Attempting to reproduce the sounds of a machine organically was one example of the challenges on the new album. Hallahan says he tried harder than ever to stay outside of his comfort zone – straightforward rock and roll – mentally and physically during the recording sessions. “I am most comfortable when I’m rocking,” he says. “I really like crescendos. I really like the way that rock music propels me. I innately want to go to that, but then my brain tires of it. It’s really fun to just switch gears. When I’m playing like a four-on-the-floor dance beat, that’s a lot of fun. I’m learning how to play that efficiently, how to make it my own. It just peels back layers of the brain every time you jump into something like that.”
The same playing mindset applies for the restrained playing in “Librarian.” “Holding back and being sweet – that was fantastic to figure out those parameters,” he says. “Where I needed to not be. It takes me out of my element.”
“It takes a little mental preparation,” he says. “Touring is a lot of fun, but it will wear on you if you don’t do it right. Being rested – stress free. It’s okay though, because we took a big chunk of time off last year, knowing that we had this to do this year. We’re really proud of this album. We’re not afraid of taking it to the people. We’re oiling our machine.”

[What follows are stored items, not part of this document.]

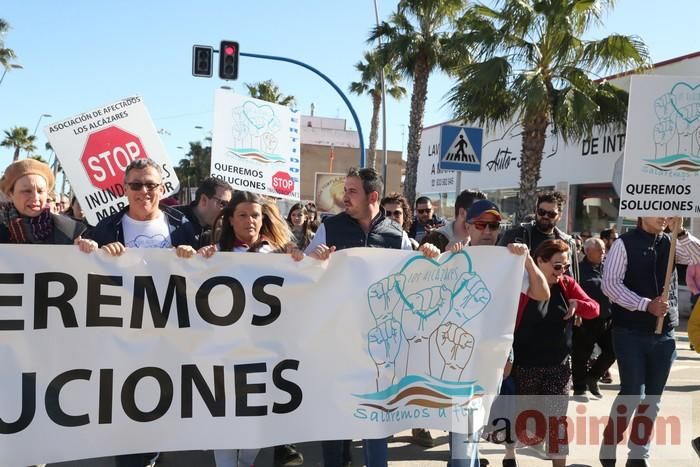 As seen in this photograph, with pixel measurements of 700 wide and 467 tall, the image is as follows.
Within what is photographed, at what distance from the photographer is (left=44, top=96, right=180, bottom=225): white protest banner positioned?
5281 mm

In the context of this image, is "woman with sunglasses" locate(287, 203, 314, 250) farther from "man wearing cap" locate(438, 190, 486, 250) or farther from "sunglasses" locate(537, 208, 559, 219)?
"sunglasses" locate(537, 208, 559, 219)

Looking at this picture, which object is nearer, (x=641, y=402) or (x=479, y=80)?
(x=641, y=402)

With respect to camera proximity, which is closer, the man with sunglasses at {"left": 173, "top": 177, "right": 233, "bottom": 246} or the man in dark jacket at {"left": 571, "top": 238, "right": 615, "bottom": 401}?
the man with sunglasses at {"left": 173, "top": 177, "right": 233, "bottom": 246}

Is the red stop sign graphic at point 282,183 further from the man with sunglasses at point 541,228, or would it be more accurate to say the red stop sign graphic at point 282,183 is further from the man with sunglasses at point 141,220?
the man with sunglasses at point 141,220

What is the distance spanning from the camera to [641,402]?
4.45 metres

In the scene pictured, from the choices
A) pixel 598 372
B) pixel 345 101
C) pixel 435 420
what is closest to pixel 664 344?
pixel 435 420

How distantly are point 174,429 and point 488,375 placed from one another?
170cm

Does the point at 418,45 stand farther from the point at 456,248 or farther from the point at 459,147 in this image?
the point at 456,248

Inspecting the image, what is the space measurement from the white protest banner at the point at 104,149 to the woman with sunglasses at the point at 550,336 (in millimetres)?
2800

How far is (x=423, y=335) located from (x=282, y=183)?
3.69 m

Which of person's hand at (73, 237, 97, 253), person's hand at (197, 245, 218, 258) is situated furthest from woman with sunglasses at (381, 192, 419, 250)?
person's hand at (73, 237, 97, 253)

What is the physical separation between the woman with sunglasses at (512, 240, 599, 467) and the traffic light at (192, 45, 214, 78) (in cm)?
1138

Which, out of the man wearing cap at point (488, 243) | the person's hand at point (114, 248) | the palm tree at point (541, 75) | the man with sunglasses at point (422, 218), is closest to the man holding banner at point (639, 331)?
the man wearing cap at point (488, 243)

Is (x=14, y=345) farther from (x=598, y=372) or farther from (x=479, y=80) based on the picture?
(x=479, y=80) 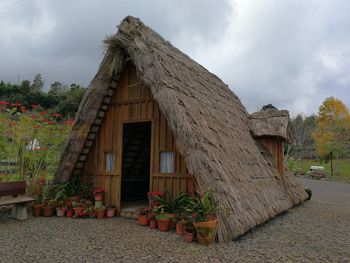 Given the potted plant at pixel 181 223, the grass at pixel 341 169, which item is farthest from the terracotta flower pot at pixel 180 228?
the grass at pixel 341 169

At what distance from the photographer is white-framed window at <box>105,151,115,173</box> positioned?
7.62 m

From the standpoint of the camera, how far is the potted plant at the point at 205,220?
4809 mm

Aside from the satisfaction of the live performance, touring also brings inspirational rewards. Hallahan says he’s been fortunate enough to cross paths with drumming heroes Dave Grohl of Foo Fighters, Matt Cameron of Soundgarden and Pearl Jam, and Mac McNeilly of The Jesus Lizard. “Dave Grohl and Matt Cameron, fantastic people to meet,” Hallahan says. “I was a huge Jesus Lizard fan, and meeting Mac McNeilly … I just used to love the way that he played. Meeting him and finding out that he was a sweetheart is just something special. I’d love to meet [session drummer] Jim Keltner – he and I have the same birthday. He’s so diverse and I just love that. I don’t want to be one thing.” But the pressure to play a wide variety of styles doesn’t scare Hallahan. In fact, when it comes to learning outside his comfort zone, it’s a whole different story. Even with a new album hinting at new styles of playing, Hallahan says he doesn’t feel any pressure to reinvent the wheel – or in this case, the drum – by taking a formal lesson. It’s all a matter of trying new things during live performances. “I feel so comfortable behind the drum kit that maybe it’s to my discredit sometimes,” he says. “I get scared about taking lessons because I worry that it will affect the feel I’ve been trying to develop for so long. I just don’t want to be thrown off right now. We play so much that I get to try out new things anyway. I never took lessons. I listen to music and get ideas. I don’t really like to talk shop too much, I just like to sit back and watch. I’ve learned a lot of tuning techniques and stick-holding techniques just watching people – how they interact, how the rhythm section works together. I’m kind of like a sponge.”
And what to do, then, when that sponge is saturated with too much music? “I love getting away from it all and going to museums and Gothic cathedrals – just to walk in complete silence,” Hallahan says. “Something to contrast the rest of your day is so important. I like quiet, because I make a lot of noise.”